**AVAILABLE DATA**.
Segment Open
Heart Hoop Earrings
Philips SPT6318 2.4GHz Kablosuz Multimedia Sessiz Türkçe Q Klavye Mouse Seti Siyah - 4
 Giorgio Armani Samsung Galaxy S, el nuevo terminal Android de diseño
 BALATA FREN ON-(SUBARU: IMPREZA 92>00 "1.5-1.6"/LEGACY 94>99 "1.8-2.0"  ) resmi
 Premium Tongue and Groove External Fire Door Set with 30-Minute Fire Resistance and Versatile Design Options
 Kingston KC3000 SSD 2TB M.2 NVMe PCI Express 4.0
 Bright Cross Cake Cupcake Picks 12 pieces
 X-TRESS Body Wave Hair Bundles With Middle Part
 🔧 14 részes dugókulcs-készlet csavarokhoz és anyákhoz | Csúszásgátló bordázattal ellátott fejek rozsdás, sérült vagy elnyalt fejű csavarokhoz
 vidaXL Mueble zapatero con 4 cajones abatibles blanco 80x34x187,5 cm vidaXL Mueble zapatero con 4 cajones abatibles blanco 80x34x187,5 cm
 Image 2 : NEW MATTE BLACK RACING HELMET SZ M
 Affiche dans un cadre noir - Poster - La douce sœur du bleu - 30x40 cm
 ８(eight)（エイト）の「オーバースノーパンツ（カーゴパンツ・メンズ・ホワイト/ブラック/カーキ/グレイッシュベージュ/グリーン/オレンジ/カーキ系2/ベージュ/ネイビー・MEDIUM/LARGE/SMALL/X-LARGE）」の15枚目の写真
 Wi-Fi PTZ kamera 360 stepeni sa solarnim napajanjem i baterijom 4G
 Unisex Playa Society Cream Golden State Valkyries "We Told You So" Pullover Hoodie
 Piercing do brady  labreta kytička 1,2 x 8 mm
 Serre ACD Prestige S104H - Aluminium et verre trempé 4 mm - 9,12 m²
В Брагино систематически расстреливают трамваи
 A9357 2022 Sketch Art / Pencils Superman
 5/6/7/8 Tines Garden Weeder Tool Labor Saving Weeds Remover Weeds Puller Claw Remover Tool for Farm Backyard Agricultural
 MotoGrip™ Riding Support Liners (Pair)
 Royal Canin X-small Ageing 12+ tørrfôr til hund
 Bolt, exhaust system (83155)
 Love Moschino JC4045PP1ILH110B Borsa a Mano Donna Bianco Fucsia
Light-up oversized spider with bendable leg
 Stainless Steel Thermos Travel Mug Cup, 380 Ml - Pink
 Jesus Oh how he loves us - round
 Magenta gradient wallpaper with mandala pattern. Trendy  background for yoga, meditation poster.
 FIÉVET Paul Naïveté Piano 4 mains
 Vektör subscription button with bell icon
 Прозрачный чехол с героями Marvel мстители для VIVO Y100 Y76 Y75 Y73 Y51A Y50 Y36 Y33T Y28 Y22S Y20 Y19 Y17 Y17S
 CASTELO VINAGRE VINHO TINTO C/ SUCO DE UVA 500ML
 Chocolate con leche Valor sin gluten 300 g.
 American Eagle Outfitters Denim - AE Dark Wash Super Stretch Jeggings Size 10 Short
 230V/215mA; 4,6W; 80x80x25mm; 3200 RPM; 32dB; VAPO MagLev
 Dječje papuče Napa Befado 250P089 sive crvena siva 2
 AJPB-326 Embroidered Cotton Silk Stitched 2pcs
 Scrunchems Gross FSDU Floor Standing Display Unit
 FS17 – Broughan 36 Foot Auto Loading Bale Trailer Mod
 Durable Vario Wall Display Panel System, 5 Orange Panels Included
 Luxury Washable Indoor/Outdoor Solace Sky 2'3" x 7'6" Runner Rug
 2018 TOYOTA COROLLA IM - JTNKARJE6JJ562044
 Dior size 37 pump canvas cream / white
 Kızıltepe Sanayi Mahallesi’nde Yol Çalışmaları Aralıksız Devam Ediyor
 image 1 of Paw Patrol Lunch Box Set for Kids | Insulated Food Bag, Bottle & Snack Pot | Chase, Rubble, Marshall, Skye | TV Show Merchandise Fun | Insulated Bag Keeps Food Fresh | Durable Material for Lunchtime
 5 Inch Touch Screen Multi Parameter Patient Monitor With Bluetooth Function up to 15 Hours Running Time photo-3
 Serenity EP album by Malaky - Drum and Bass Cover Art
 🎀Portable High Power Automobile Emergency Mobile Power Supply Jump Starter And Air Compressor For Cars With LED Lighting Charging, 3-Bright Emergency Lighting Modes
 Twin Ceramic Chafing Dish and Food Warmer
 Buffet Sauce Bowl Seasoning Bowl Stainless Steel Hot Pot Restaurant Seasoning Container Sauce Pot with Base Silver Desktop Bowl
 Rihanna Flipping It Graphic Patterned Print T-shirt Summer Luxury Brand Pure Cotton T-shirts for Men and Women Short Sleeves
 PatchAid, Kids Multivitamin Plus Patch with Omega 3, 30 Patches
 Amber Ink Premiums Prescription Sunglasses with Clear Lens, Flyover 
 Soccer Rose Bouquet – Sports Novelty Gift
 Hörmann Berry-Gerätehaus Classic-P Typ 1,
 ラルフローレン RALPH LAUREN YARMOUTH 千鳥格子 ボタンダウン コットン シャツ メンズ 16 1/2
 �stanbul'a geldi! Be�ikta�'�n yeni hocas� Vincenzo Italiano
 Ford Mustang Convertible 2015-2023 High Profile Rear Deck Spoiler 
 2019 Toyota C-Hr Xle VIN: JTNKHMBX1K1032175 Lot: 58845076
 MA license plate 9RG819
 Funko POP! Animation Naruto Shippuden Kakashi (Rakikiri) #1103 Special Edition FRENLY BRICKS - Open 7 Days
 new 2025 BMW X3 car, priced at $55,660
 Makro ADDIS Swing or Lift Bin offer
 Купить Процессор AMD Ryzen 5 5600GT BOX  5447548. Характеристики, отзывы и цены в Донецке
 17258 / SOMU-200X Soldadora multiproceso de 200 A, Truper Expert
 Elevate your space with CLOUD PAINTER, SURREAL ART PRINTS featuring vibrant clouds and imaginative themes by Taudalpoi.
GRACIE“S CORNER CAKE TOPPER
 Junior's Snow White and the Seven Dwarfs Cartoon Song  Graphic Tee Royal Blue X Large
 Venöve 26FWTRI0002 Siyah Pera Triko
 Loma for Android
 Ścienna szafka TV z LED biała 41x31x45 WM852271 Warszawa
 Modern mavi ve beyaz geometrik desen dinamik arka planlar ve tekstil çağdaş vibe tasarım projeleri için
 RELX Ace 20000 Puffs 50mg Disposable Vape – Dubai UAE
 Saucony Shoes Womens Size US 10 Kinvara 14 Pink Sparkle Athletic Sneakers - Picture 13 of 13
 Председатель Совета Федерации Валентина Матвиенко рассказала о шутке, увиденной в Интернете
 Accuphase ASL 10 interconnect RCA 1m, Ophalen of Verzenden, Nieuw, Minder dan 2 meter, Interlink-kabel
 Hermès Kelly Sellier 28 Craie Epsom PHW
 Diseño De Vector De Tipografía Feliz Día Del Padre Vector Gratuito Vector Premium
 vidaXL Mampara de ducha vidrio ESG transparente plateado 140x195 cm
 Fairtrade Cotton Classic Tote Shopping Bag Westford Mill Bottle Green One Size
Segment Closed
**TASK ITEM**. Nothing should appear in the answer except the lines from the one with "Diseño De Vector" through the final line of the records, written exactly.

**ANSWER BOX**.
 Diseño De Vector De Tipografía Feliz Día Del Padre Vector Gratuito Vector Premium
 vidaXL Mampara de ducha vidrio ESG transparente plateado 140x195 cm
 Fairtrade Cotton Classic Tote Shopping Bag Westford Mill Bottle Green One Size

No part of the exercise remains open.